HARIAN NEGERI, Jakarta - Gelandang tim nasional Irak, Amir Al-Ammari, mengajak rekan-rekannya untuk menikmati setiap momen di Piala Dunia 2026 setelah berhasil membawa negaranya kembali tampil di ajang sepak bola terbesar dunia tersebut untuk pertama kalinya dalam 40 tahun.
Irak memastikan diri tampil di Piala Dunia untuk kedua kalinya dalam sejarah setelah sebelumnya hanya pernah berlaga pada edisi 1986. Kembalinya Singa Mesopotamia ke panggung dunia menjadi pencapaian bersejarah bagi sepak bola Irak.

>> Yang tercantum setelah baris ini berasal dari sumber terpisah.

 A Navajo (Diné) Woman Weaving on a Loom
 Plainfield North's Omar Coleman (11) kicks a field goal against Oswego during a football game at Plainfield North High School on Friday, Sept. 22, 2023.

Dalam wawancara yang dimuat FIFA, Al-Ammari menegaskan pentingnya bermain tanpa tekanan berlebihan dan fokus menikmati pengalaman menghadapi tim-tim terbaik dunia.
"Jangan memberikan terlalu banyak tekanan kepada diri sendiri; nikmati saja momen itu dan fokus pada apa yang sedang terjadi saat itu," ujar Al-Ammari.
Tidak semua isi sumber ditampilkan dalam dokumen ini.